[Captioned web image data]
━━━━━━━━

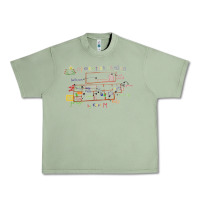 Oil Green operation ho ho ho Urban Heavy Tee - tuanDangUi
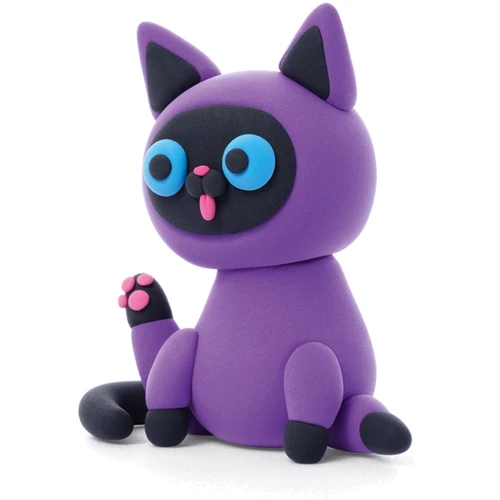 Набір пластиліну Ліпака Пухнасті улюбленці: Сіамська кішка (30112-UA01)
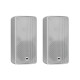 Omnitronic - ODP-206 Installation Speaker 16 ohms white 2x 14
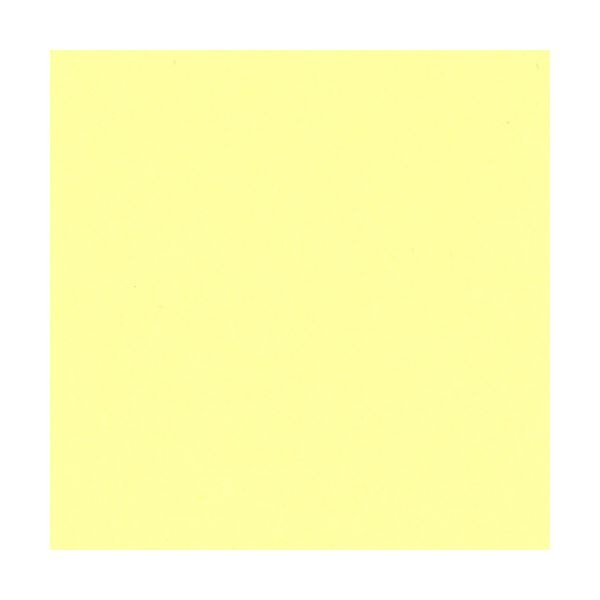 （まとめ）リンテック ニューカラーR 八つ切 ライトイエロー 8NCR-134 1パック(100枚)(×3セット)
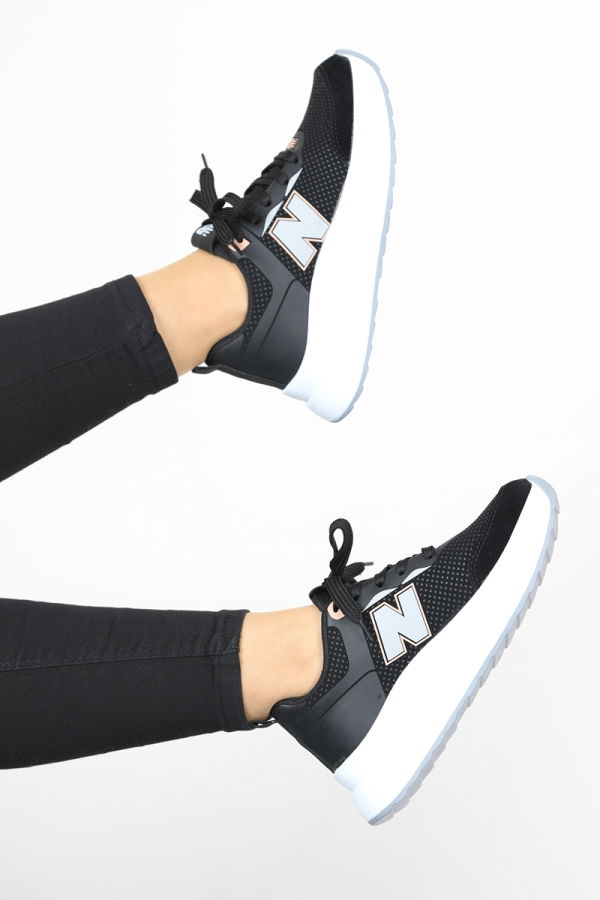 Modaselvim Sneaker Shoes 9001SMA833 Black&Powder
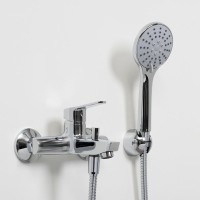 Смеситель для ванны с душем Wasserkraft Rhin 4401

━━━━━━━━

### Work to complete
Return the preceding entries verbatim, with the pictures excluded.

### The answer
 Oil Green operation ho ho ho Urban Heavy Tee - tuanDangUi
 Набір пластиліну Ліпака Пухнасті улюбленці: Сіамська кішка (30112-UA01)
 Omnitronic - ODP-206 Installation Speaker 16 ohms white 2x 14
 （まとめ）リンテック ニューカラーR 八つ切 ライトイエロー 8NCR-134 1パック(100枚)(×3セット)
 Modaselvim Sneaker Shoes 9001SMA833 Black&Powder
 Смеситель для ванны с душем Wasserkraft Rhin 4401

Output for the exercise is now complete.